Fu il governo provvisorio, il quale fermo nell'idea, anche dopo le inesplicabili lentezze e i gravissimi errori delle prime operazioni di guerra, che la vittoria fosse immancabile, non volle dare ascolto a quelle esortazioni, respinse pur anco gli aiuti che venivano offerti da corpi svizzeri; non volle neppur saperne dell'aiuto francese, acciocchè nessuno potesse sottrarre una parte qualsiasi del prestigio della vittoria all'esercito piemontese, e al re che lo comandava, pel quale teneva in serbo, come premio, la corona di ferro dei re longobardi.
Furono i ministri piemontesi e il re Carlo Alberto medesimo, i quali, troppo fiduciosi nelle proprie forze, anche quando dovevano apparire assai scarse a chiunque mediocremente edotto di cose di guerra, facendo cattivo viso all'elemento dei volontari, respingendo con superbe ripulse (come si fece con Cialdini) i servigi che venivano offerti, o accogliendoli tardi e di mal animo (come avvenne con Garibaldi e colla sua legione), mantennero nell'opinione pubblica la fallace illusione che le sole forze piemontesi bastassero alla grande impresa.

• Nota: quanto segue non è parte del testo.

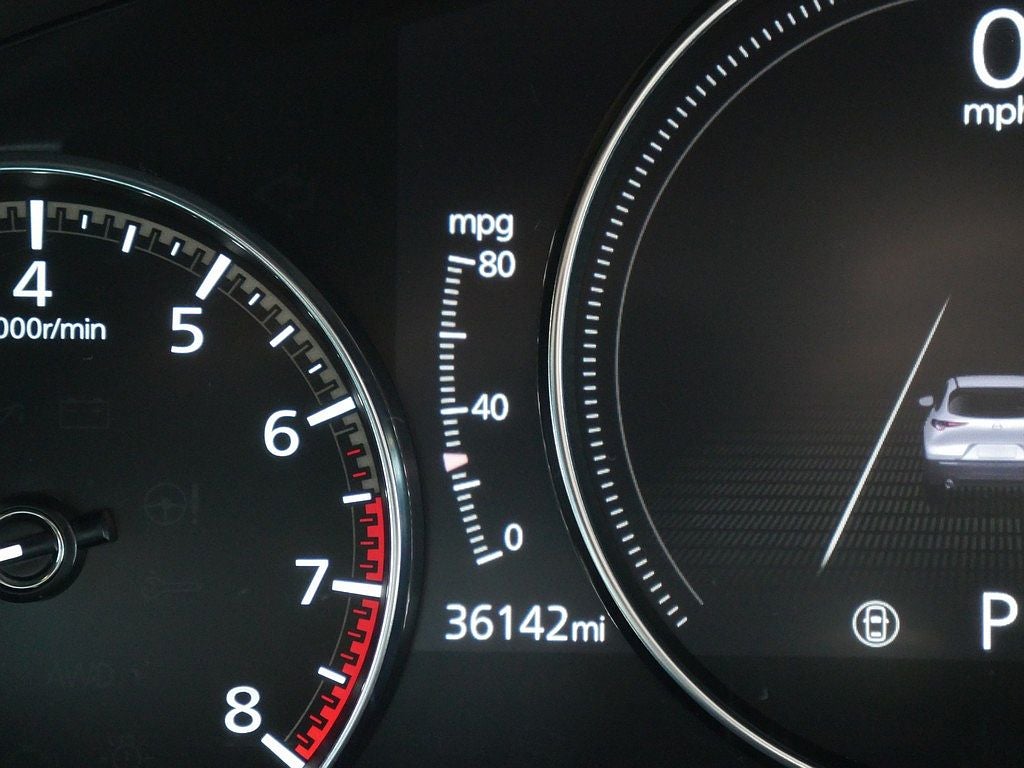2021 Mazda Mazda CX-30 2.5 S FWD
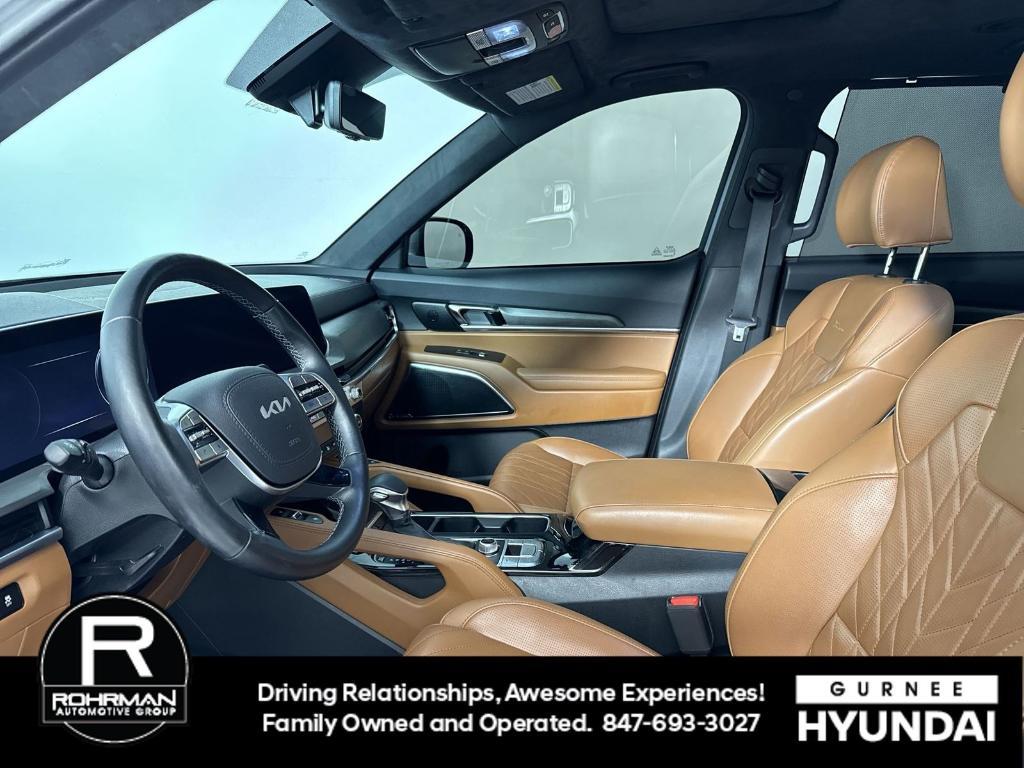used 2023 Kia Telluride car, priced at $33,561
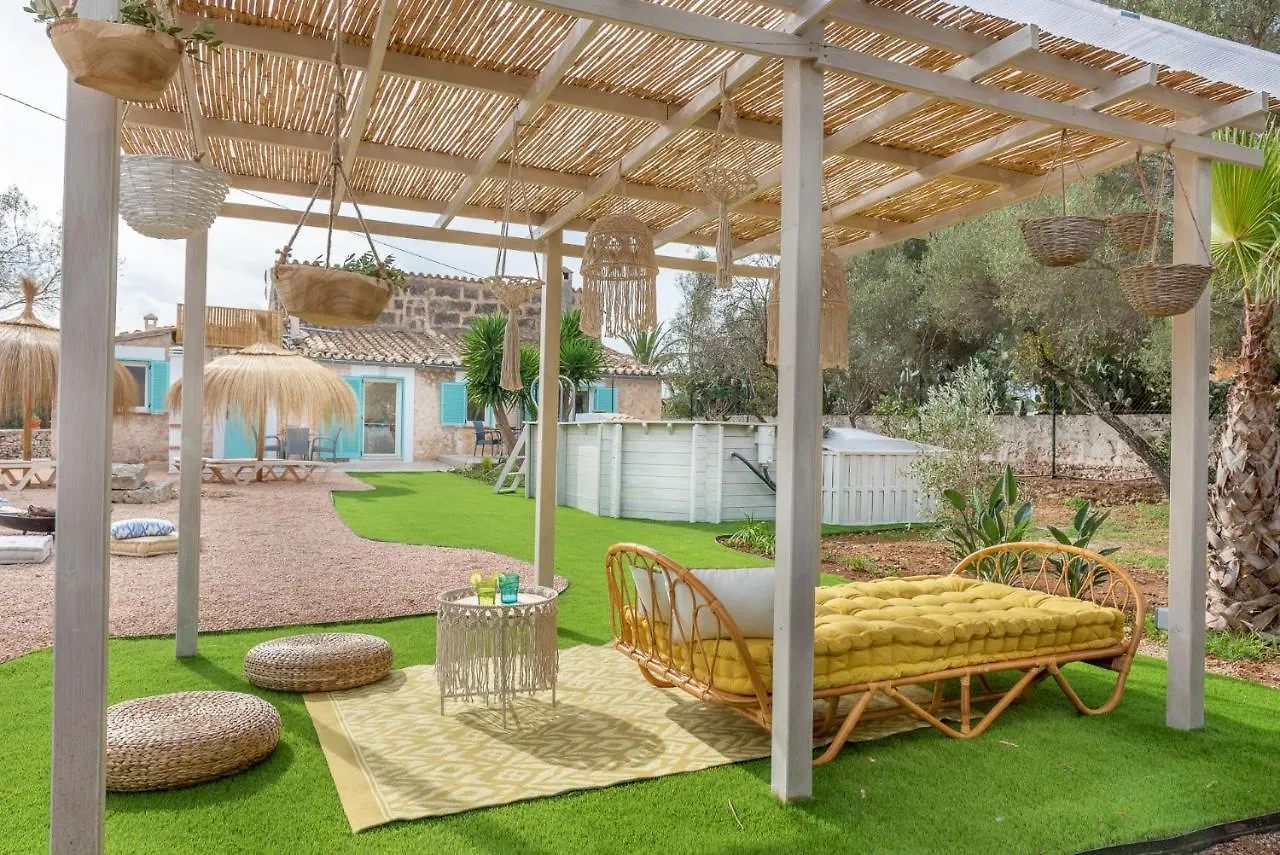 Can Torres: Your Charming Home In Mallorca Portol Spain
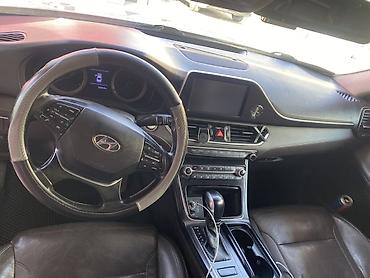 Продажа авто: Hyundai Grandeur: 2018 г., 3 л, Автомат, Газ, Седан — 3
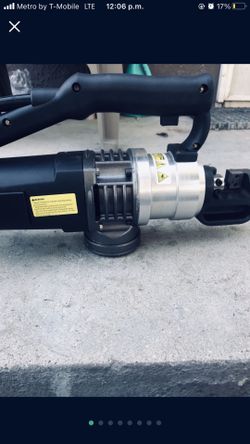 Rebar Cutter #4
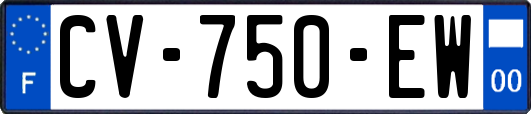 CV-750-EW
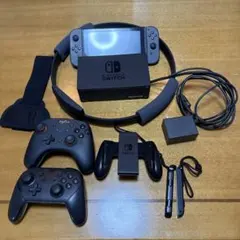 Nintendo Switch 本体＋リングフィットアドベンチャーセット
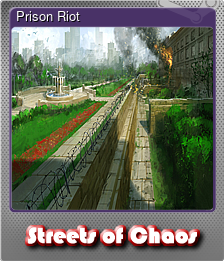 Prison Riot
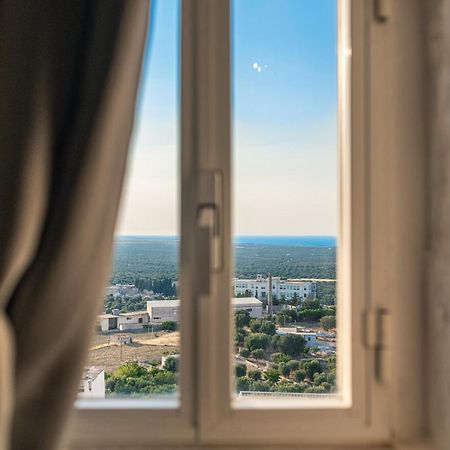 Loft Parisi Villa Ostuni Eksteriør billede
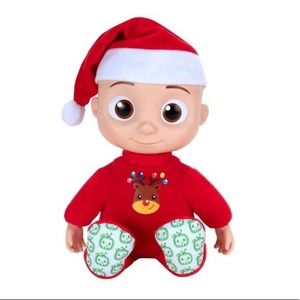 Cocomelon Deck the halls JJ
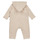 Kleidung Kinder Pyjamas/ Nachthemden Petit Bateau LACA Beige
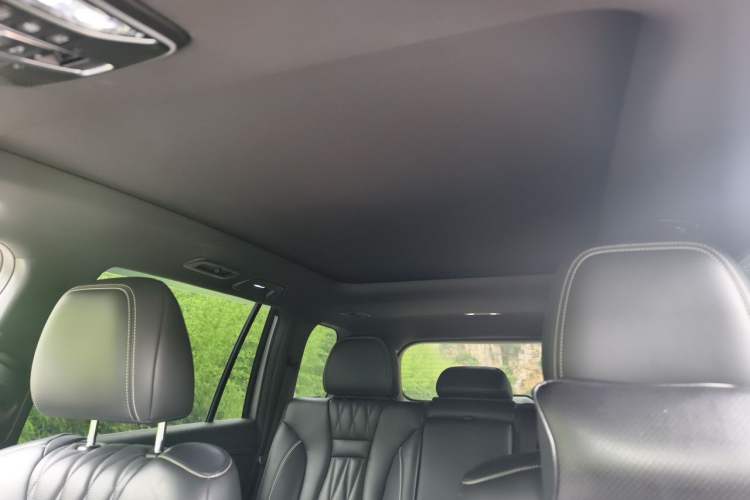 Used GAC Trumpchi GS8 2022 Double-Energy Series 2.0TM Four-Wheel Drive Premium Edition (7 Seats) Headliner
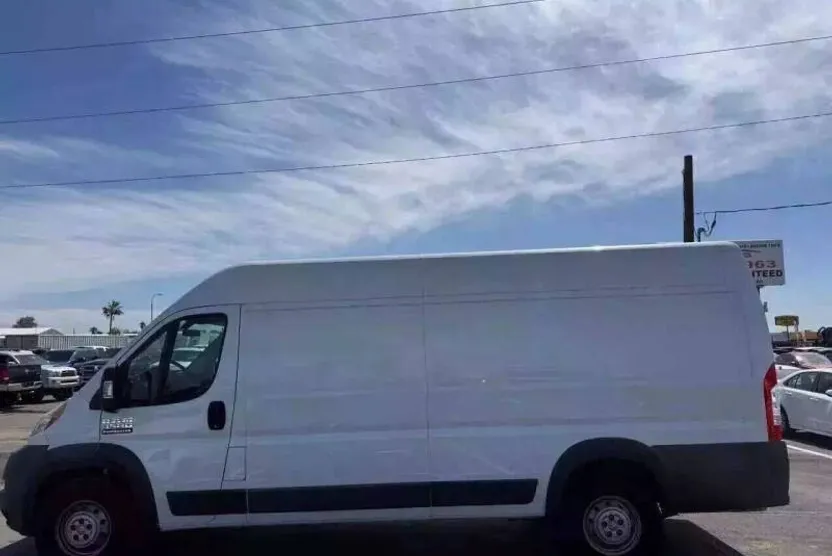 2015 Ram ProMaster 3500 photo 1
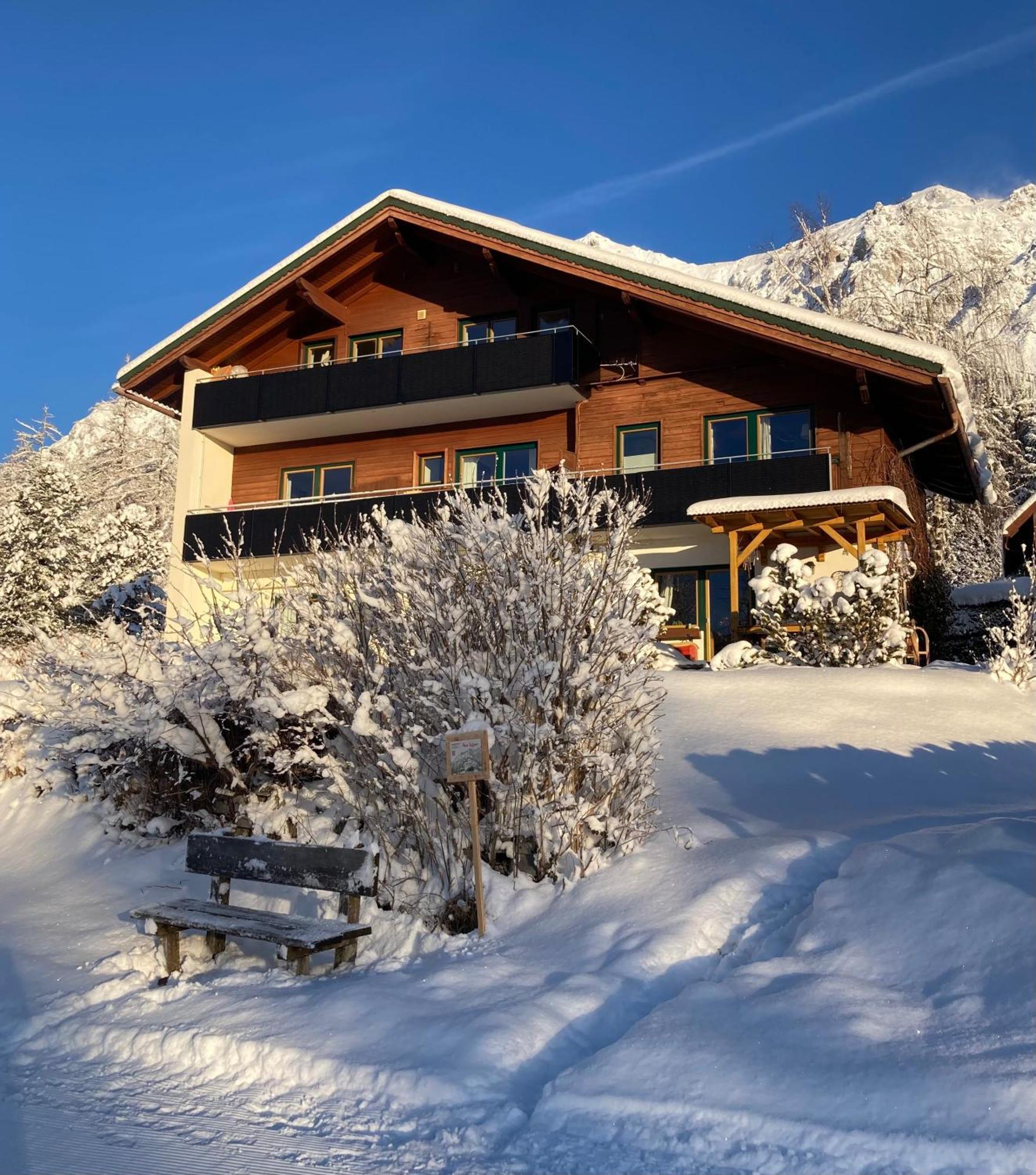 Haus Werner Apartment Ramsau am Dachstein Exterior foto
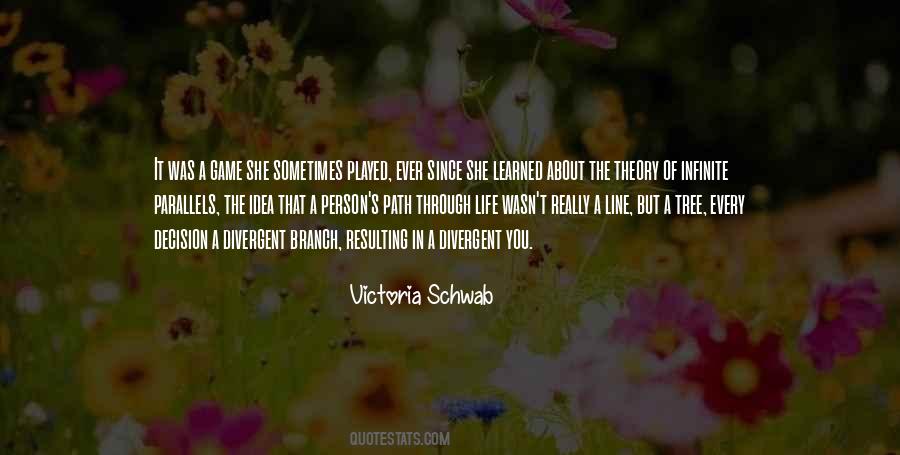 Quotes About A Tree Branch #1279507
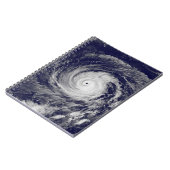 Carnet Cyclones tropicaux (Côté gauche)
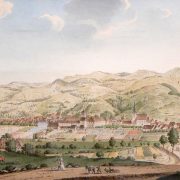 munster en 1809 dessin henry lebert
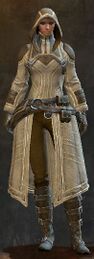Traveler's Outfit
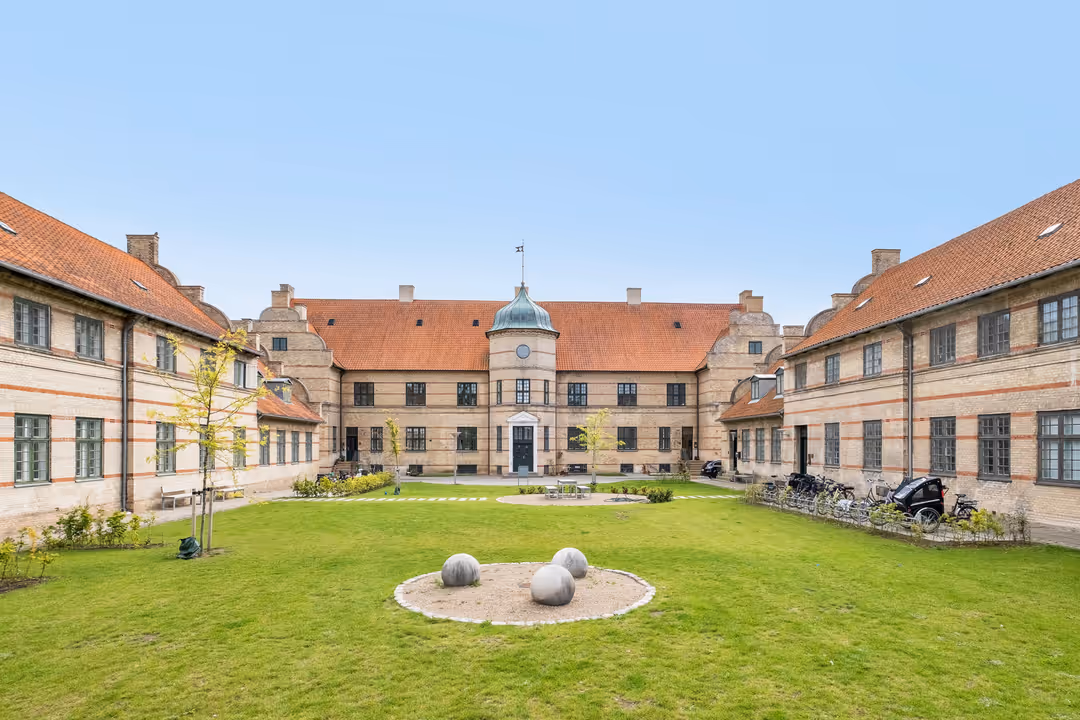 Billede 1 fra lejemålet på Bindesbølls Allé 39, 8240 Risskov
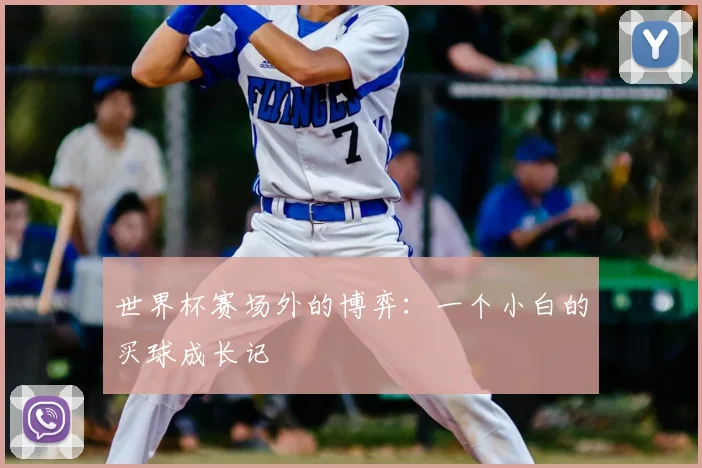 世界杯赛场外的博弈:一个小白的买球成长记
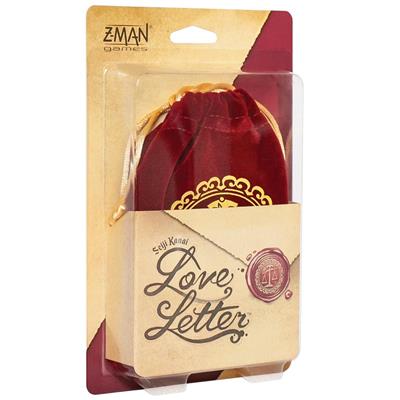 Love Letter (New Edition)-DoubleCGames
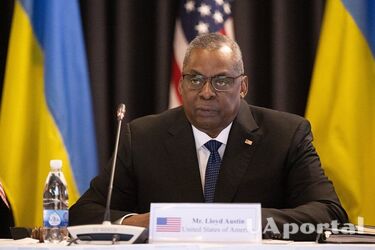 Глава Пентагону Остін анонсував виділення Україні пакету військової допомоги на 400 млн доларів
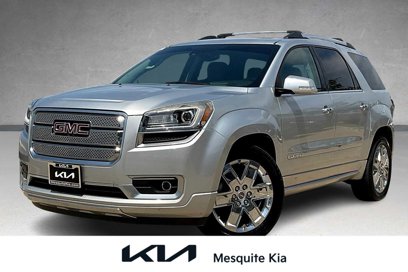 Used 2014 GMC Acadia Denali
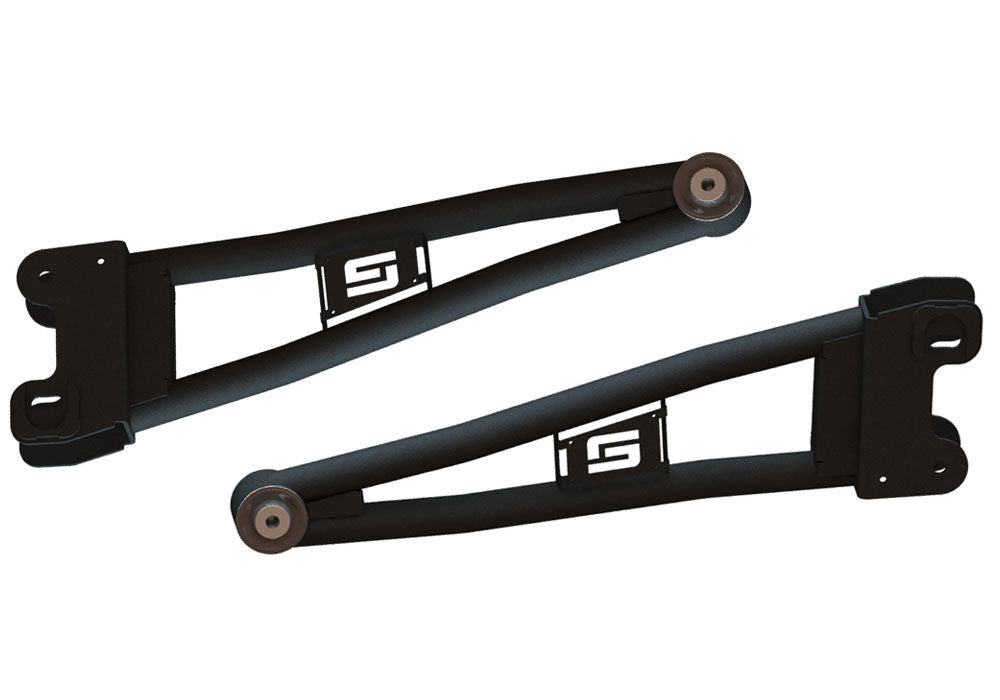 Superlift Radius Arm Kit - - 2023-2025 Ford F-250 F-350 F-450 and F550 Superduty 4WD with 2-6 lift height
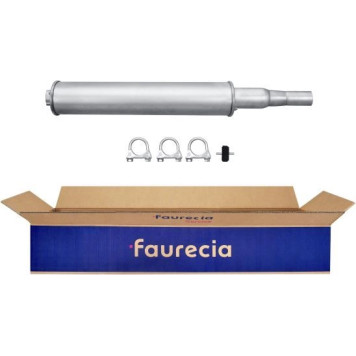 Hella 8LB 366 021-251 Vorschalldämpfer Easy2Fit – PARTNERED with Faurecia Hella 8LB 366 021-251 Vorschalldämpfer Easy2Fit – PARTNERED with Faurecia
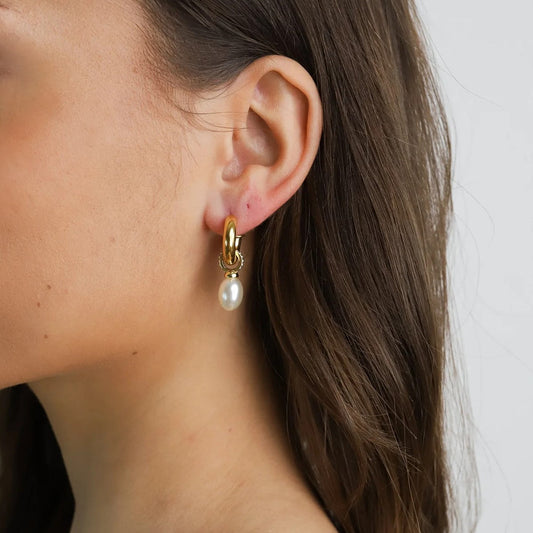 Crownline Spark Earrings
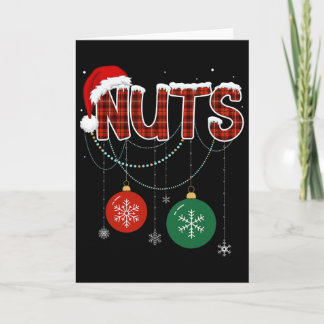 Carte Chestnuts Matching Family Fun Couples Chest Nuts C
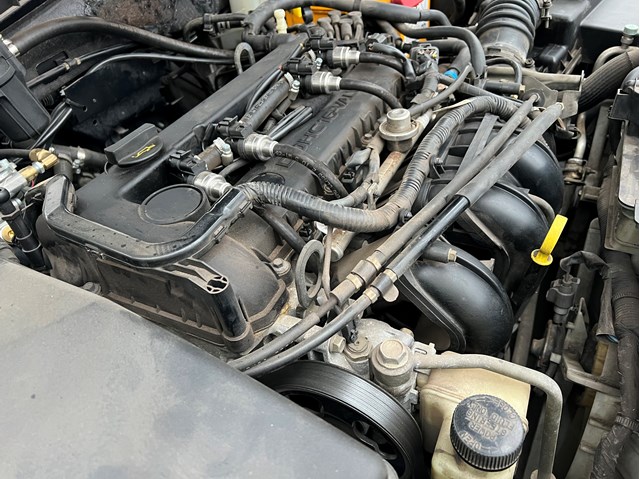 Купити LF17 Mazda Двигун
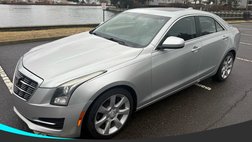 2016 Cadillac ATS 2.0T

Pur troppo in guerra le illusioni si scontano a prezzo di sangue, di lagrime e di vergogna.
Il Mincio, che è fiume nè largo nè profondo, non offriva a Radetzky una buona linea di difesa. Non avendo nel suo corso sotto Peschiera nessun punto fortificato, ed essendo linea troppo estesa per disseminarvi le già scarse sue forze, il vecchio Maresciallo diede ordine ai comandanti delle diverse posizioni sul Mincio, che, se venivano assaliti con viva forza dal nemico, non dovessero difendersi che leggermente, e ritirarsi subito su Verona.